The PP1 inhibition tests carried out with M. aeruginosa from the batch cultures produced data ranging from 0.01 to 0.025 ng.mL-1 (Fig. 3); all results were lower than 50% inhibition. Growth in the ASM-1 medium containing 24 mM P and 4 mM Fe results in a relatively constant toxin production throughout the growth curve and lowering the phosphorus concentration affected the toxin production during first 20 days. For the all the growth experiments, there was no significant correlation (p<0.05) between biomass increment and microcystin production.



The PP1 inhibition test confirmed the presence of microcystin in bloom samples (Table 1) previously analyzed but not quantified by HPLC and bioassays in mice. All the samples showed microcystin levels of less than 1 ng.mL-1. Tests carried out on the samples from Ribeirão das Neves (Minas Gerais, Brazil) during the dry and wet seasons, with the same cyanobacterial species dominating the bloom, demonstrated a seasonal variation in the production of microcystin (Table 2).



Many studies show that cyanobacteria produce more toxins when conditions are favorable for growth (6,26,29,33). As microcystin biosynthesis is considered a secondary metabolite, most of the nutrients are use in primary metabolism for growth and maintenance of the cyanobacterial cells.
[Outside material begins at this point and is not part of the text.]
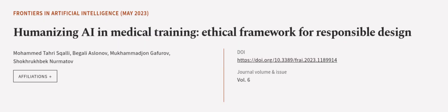This article was authored by Mohamed Tari Scali, Begali Aslanoff, Mukhamajan Gafirov, and others.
During the current growth experiments carried out with different concentrations of P and Fe, no significant growth rates (Figs. 1a and b) were observed.
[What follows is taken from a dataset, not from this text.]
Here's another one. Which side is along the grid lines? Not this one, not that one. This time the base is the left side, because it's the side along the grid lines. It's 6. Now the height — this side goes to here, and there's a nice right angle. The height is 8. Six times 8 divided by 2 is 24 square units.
In this study, as the only difference observed was a reduction in the culture life from 30 to 20 days in the experiment with reduced iron. This would suggest two things: firstly that the level of Fe in the ASM-1 medium is in excess and that any limited reduction does not have a significant effect on cell growth; or secondly that cyanobacteria have developed systems for the efficient use of Fe, normally limiting in the aqueous environment. Pierson et al. (26) explored the influence of iron on cyanobacterial growth, concluding that high iron concentrations may stimulates photosynthesis in some cyanobacteria and reduced iron concentrations may strongly inhibited photosynthesis in others, resulting in premature death of the culture.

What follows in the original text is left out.